### Information supplied

# # # # # # #

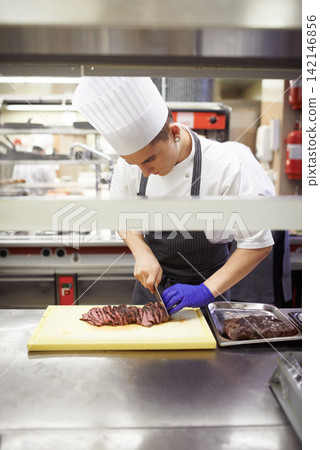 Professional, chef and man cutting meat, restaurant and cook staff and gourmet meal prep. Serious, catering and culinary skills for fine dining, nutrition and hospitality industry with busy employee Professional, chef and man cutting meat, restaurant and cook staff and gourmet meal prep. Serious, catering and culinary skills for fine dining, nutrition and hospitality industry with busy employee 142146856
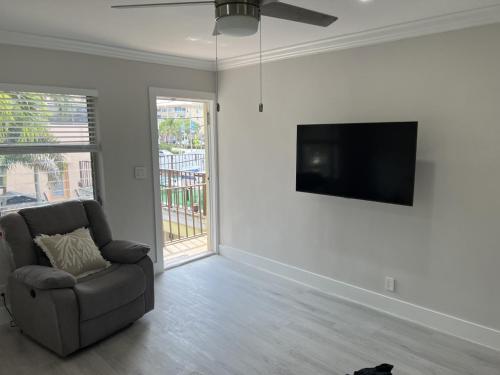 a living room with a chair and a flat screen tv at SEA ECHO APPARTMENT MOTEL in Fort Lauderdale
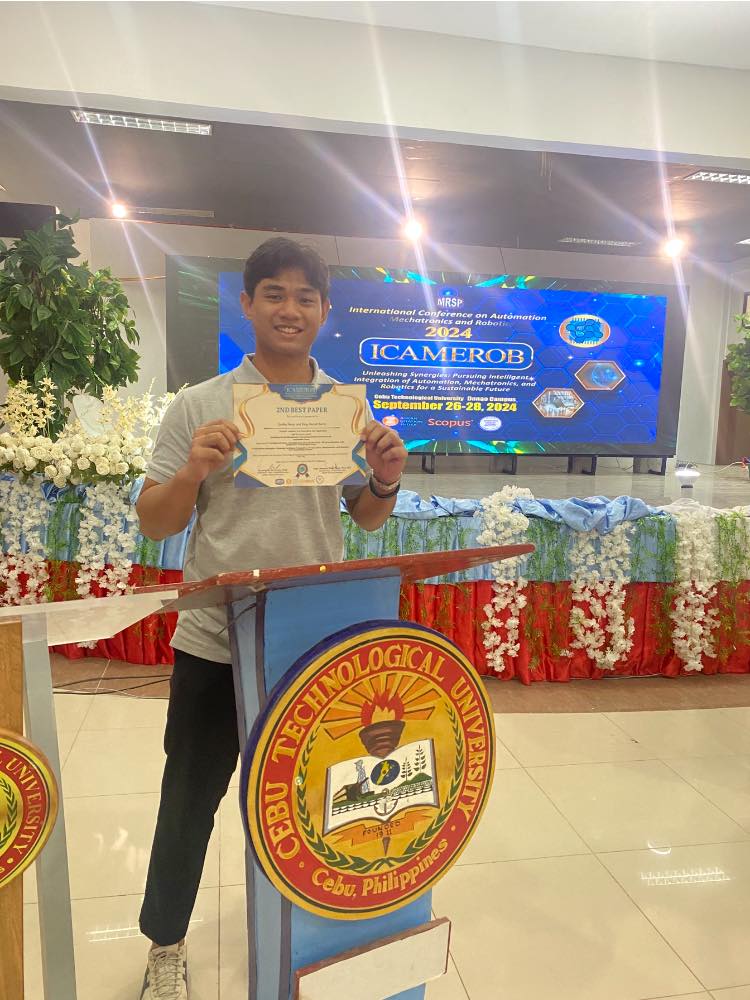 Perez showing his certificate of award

# # # # # # #

### Problem requirements
Copy each line above precisely, dropping the pictures.

### Output
 Professional, chef and man cutting meat, restaurant and cook staff and gourmet meal prep. Serious, catering and culinary skills for fine dining, nutrition and hospitality industry with busy employee Professional, chef and man cutting meat, restaurant and cook staff and gourmet meal prep. Serious, catering and culinary skills for fine dining, nutrition and hospitality industry with busy employee 142146856
 a living room with a chair and a flat screen tv at SEA ECHO APPARTMENT MOTEL in Fort Lauderdale
 Perez showing his certificate of award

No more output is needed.